Reputation: 21
I'm trying to find out how to get count of how many of these files each word occurs in. For example, I have a directory with 10 recipe texts and i want to be able to find out, for example, how many of the texts the word 'pepper' occurs with a result like, '8 pepper'.
I know how to to word counts and the like but this is a bit over my head I think, I would really appreciate some help.

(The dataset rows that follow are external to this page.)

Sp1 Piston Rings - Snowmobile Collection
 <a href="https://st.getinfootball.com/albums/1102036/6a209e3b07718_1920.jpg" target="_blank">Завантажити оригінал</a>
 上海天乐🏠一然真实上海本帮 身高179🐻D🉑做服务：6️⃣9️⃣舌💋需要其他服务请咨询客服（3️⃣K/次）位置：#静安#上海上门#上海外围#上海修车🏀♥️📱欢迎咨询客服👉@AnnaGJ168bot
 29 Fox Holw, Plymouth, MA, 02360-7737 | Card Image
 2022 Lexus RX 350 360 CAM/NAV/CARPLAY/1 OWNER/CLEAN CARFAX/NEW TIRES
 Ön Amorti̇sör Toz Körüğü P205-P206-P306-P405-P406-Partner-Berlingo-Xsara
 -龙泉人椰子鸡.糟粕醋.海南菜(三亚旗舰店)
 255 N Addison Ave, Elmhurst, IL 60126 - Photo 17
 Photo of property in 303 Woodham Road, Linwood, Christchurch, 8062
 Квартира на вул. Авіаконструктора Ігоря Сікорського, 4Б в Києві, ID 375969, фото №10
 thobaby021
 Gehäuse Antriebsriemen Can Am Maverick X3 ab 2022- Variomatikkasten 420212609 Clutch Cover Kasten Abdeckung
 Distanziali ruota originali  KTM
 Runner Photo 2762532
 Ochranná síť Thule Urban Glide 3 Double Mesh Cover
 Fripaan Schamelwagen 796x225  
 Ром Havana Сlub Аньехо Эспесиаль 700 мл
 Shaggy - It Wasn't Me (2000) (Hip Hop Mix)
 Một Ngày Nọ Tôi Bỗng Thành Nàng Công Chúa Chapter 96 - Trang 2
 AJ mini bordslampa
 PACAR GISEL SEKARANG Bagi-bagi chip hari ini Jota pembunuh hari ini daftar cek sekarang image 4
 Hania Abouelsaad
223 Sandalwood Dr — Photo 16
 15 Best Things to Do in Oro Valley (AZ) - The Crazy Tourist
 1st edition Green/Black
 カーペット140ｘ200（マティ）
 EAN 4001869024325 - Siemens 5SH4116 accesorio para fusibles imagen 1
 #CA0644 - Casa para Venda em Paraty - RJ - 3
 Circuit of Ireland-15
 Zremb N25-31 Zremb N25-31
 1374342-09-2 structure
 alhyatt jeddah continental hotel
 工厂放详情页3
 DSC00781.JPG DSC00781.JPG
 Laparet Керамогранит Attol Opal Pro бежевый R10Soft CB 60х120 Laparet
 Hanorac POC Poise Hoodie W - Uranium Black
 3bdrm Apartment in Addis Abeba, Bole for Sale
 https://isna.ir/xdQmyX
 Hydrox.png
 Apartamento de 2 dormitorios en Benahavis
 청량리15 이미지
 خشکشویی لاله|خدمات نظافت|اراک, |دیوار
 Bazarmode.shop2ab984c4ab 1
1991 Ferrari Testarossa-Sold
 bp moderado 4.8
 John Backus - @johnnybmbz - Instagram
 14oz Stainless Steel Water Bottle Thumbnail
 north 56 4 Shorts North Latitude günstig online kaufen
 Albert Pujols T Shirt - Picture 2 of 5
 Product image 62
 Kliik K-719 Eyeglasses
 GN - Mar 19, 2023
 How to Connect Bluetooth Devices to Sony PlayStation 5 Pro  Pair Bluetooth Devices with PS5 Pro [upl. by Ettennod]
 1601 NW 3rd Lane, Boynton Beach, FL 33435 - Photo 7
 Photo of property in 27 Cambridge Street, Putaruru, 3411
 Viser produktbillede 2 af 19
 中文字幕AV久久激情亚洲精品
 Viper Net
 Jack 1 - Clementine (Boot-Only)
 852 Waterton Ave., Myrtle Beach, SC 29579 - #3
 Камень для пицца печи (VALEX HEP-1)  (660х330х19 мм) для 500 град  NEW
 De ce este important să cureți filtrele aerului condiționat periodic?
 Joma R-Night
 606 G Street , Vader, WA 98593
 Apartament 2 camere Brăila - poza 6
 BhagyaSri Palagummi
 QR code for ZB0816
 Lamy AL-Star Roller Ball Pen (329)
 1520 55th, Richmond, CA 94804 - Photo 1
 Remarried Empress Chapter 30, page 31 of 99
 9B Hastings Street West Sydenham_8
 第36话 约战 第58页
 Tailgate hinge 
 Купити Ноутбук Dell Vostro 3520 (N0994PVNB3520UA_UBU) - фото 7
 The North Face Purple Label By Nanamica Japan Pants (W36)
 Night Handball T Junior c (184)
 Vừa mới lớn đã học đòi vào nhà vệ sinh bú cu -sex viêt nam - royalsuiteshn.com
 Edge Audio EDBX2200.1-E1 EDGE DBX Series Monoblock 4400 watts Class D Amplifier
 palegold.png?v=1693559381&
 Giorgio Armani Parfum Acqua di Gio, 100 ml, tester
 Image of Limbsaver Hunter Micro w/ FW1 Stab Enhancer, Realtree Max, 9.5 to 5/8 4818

For an example of the vein of what i'm talking about, this is a word count command i figured out
cat test.txt | tr '[A-Z]' '[a-z]' | tr -d '[:punct:]' | tr ' ' '\n' | sort | uniq
Upvotes: 1
Views: 162
Reputation: 11253
find -type f \
| xargs tr -c '[:alpha:]' '\n' \
| tr '[:upper]' '[:lower:]' \
| sort \
| uniq -c \
| grep pepper
This
finds all files in subdirectory;
concatenates them, replacing all that is not a letter with newline (this will produce lines with single words, and a lot of empty lines);
converts to lowercase (use of POSIX classes will preserve non-US characters);
sorts, and collapses the same word lines to produce something like
a word occurrence graph
42
16 add
9 the
8 jalapeño
8 pepper
7 lot
and filters that result to show only the line 8 pepper
.
You might want to replace or improve the tr command depending on what you expect in the files, or qualify the find to match only files with certain name template, etc.
Upvotes: 3
Reputation: 8402
Consider the following
find <directory path> -name "*pepper*" -type f |wc -l
Will list all files that has pepper and count them
Other Alternative (if you are in the directory where you recipies are)
ls -l|grep -E '*pepper*'|wc -l
Upvotes: 1
Reputation: 95375
How about grep -l
? For instance, grep -l pepper *
will list all the files that contain "pepper". grep -l pepper * | wc -l
will just tell you how many such files there are..
Upvotes: 1